ウシ家の話は別の機会にするとして、とにもかくにも、おれには家族がいない。

また、恋人も妻もいない。

なので、お盆や年末年始を誰かとともに過ごすことがない。

大切なひと時を、年の変わり目を、もう10年も一人で過ごしている。

今年の年末年始も、相変わらずの孤独な生活だ。


年末から年始にかけての6日間、おれは外にも出ていない。

いや、昨日(1月1日)はコンビニに出かけたか。

2022年の最初に会話した相手は、セブンイレブンの店員さんだった。

しかも、男…ハズレだ。


1月2日の今日、さすがに運動不足すぎると思い、散歩に行ってきた。

しかし、家のドアを開けて早々、ローマインドになる出来事があった。

エレベーターホールにタバコが投げ捨てられていて、おまけに火が消えてない状態だった。

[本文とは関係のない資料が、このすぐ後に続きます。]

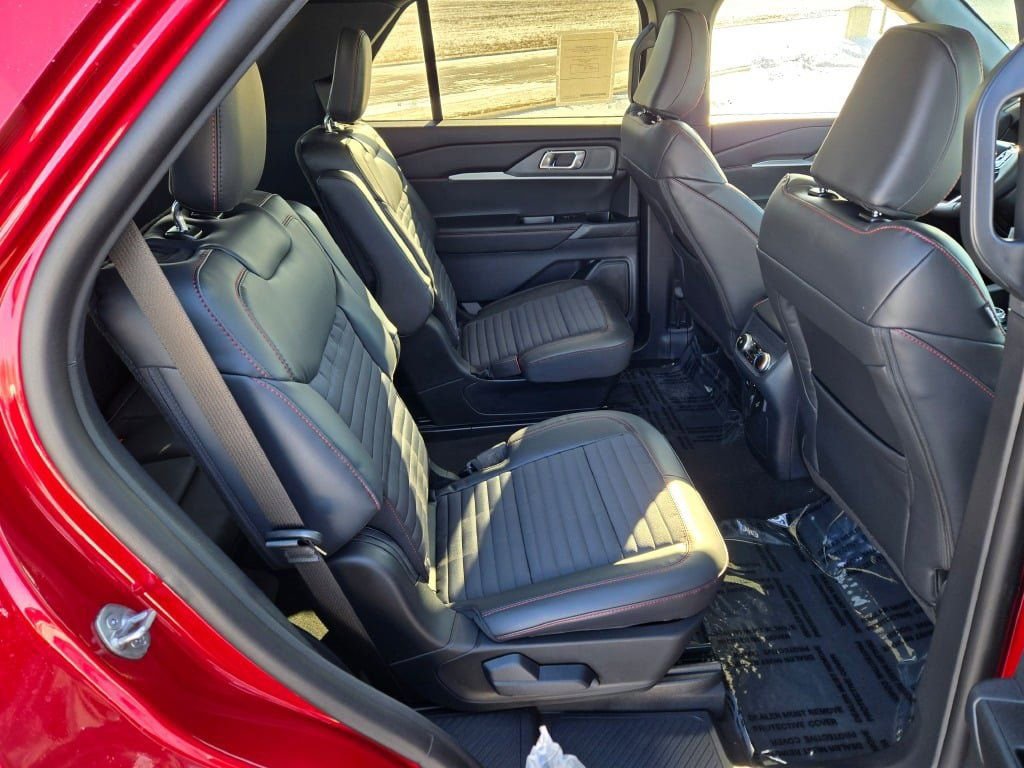 New 2026 Ford Explorer ST-Line w/ ST-Line Street Pack image 10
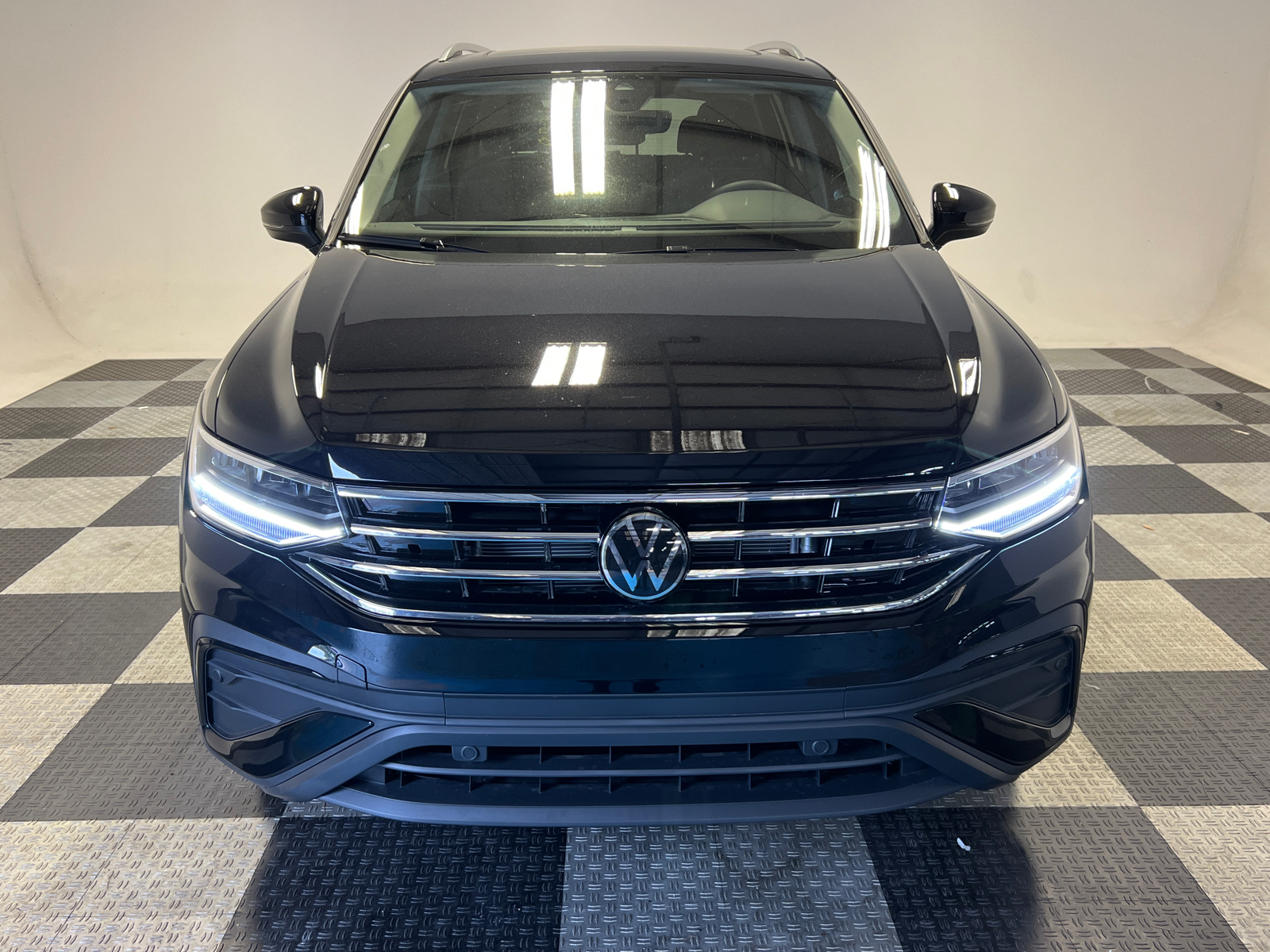 2024 Volkswagen Tiguan 2.0T SE 2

タバコの煙が室内に入る苛立ちと、火事になる危険にヒヤッとした。

もう散歩に行くのすら嫌になって、そのまま家の中に戻ろうと思った。

だけど、せっかく着替えたし、外の空気を吸いたかったので、一歩踏み出すことにした。


外は寒い。

冬だから当たり前か。

ポケットには、120円の小銭を入れている。

散歩に出るご褒美として、何か飲み物を買うためだ。

自販機を5か所ほど回ってみたが、お目当てのココアやカフェラテ系は140円くらいする。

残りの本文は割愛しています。